Le secteur des transports scolaires confronté à une crise de recrutement
Le secteur des transports scolaires connaît depuis plusieurs années une pénurie de conducteurs. En 2022, le manque était particulièrement marqué avec un déficit de 8 000 chauffeurs pour la seule rentrée de septembre. La question se pose donc : l’année 2023 sera-t-elle plus clémente pour le secteur du transport d’élèves ? Rappelons que l’année précédente, près d’un enfant sur cinq était impacté par cette pénurie de chauffeurs.
Une réunion interministérielle s’est tenue le 23 août 2023, à l’approche de la rentrée scolaire, afin de faire un bilan sur les besoins du secteur et de réévaluer le plan d’action mis en place l’été dernier.
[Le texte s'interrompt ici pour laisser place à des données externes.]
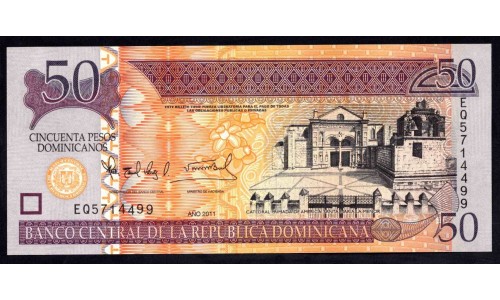 Доминиканская Республика 50 песо 2011 (DOMINICAN REPUBLIC 50 Pesos 2011) P 183а : UNC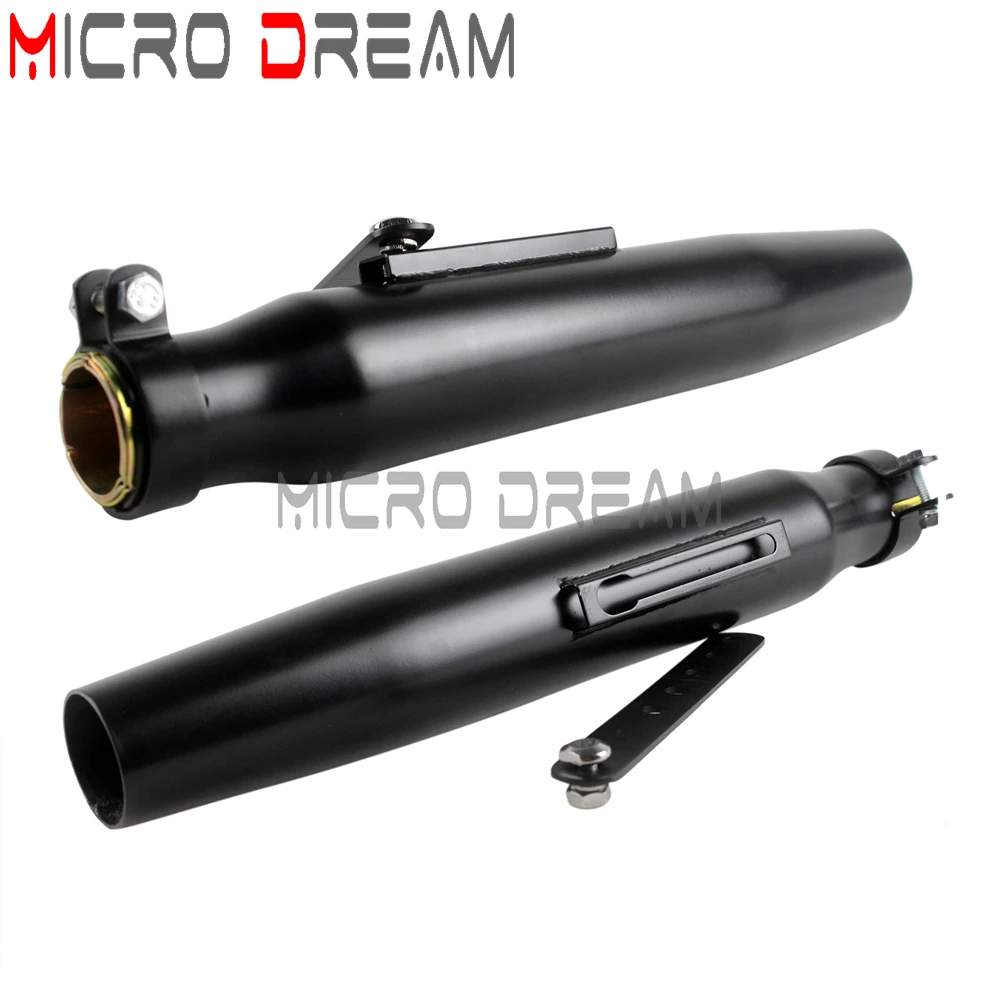 Motorcycle 35-45mm Iron Exhaust Mufflers Black For Harley Sportster XL 1200 XL 883 Cafe Racer XS650 Custom Tapered Silencer Pipe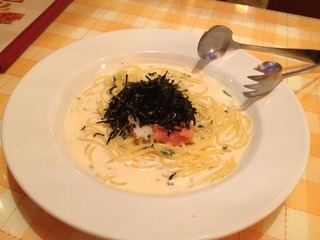 明太子のクリームソースパスタ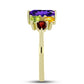 Goldplattierter Silberring mit marokkanischem Amethyst und Zitrin aus dem Ural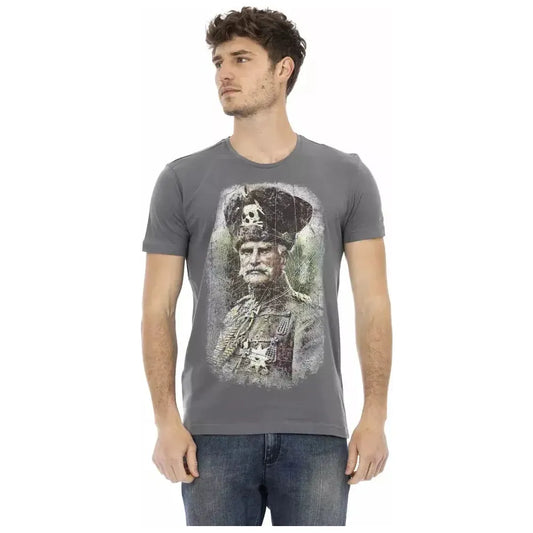 Trussardi Action Gray Cotton Men T-Shirt Trussardi Action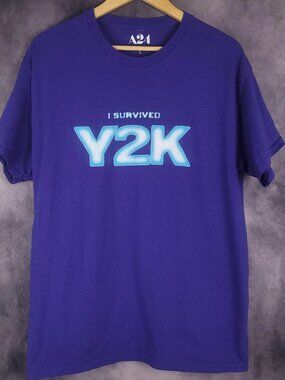 Kyle Mooney A24 I Survived Y2K comedy movie indigo blue promo shirt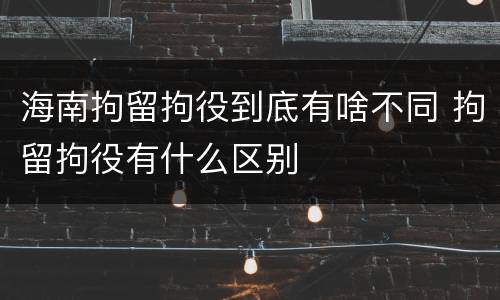 海南拘留拘役到底有啥不同 拘留拘役有什么区别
Pour rappel, les cars scolaires assurent quotidiennement le transport de près de deux millions d’élèves.
Des mesures pour améliorer la situation
Selon Ingrid Mareschal, déléguée générale de la Fédération nationale des transports de voyageurs (FNTV), l’année 2023 s’annonce plus positive. Cette amélioration serait le fruit des « mesures prises par la profession, par l’État, mais aussi par les régions ». Mareschal évoque notamment la revalorisation des salaires de 8 % pour cette année et de 12 % sur deux ans.
Elle précise également que le secteur a beaucoup investi dans la formation, ce qui a permis d’attirer davantage de conducteurs vers les entreprises.
Le pari de la formation
Le secteur du transport scolaire compte également sur une nouvelle filière d’apprentissage dédiée au métier de conducteur d’autocar, mise en place à la rentrée 2023. Cette nouvelle spécialité du CAP a été rendue possible grâce à l’abaissement de l’âge légal pour passer le permis de conduire D à 18 ans, en vigueur depuis mai 2021.
Grâce à cette nouvelle filière, la FNTV espère attirer davantage de jeunes conducteurs et anticiper les futurs départs à la retraite. « La moyenne d’âge chez nous reste autour de 50 ans » précise Mareschal.
Un taux de postes vacants de 7 %
Malgré ces avancées, la situation reste tendue. A ce jour, « la moyenne de postes vacants dans les entreprises atteint 7 % », précise Ingrid Mareschal. Le ministre délégué aux Transports, Clément Beaune, note toutefois une diminution de 25 % des emplois vacants par rapport à 2022.
« Il manque encore de plusieurs milliers de conducteurs »
Trois territoires subissent particulièrement cette pénurie de chauffeurs : les zones frontalières, les Hauts-de-France et la région Auvergne Rhône-Alpes.
« Il manque encore de plusieurs milliers de conducteurs. » déclare Ingrid Mareschal, Déléguée générale de la FNTV.
Mareschal estime ce manque à « environ 5 000 chauffeurs », tandis que Clément Beaune évoque le chiffre de 6 000 emplois vacants. « Nous avons 3 000 offres d’emploi disponibles, mais le manque est toujours supérieur au nombre d’offres » ajoute la responsable de la FNTV, soulignant la difficulté de remplacer un chauffeur en cas d’absence inopinée.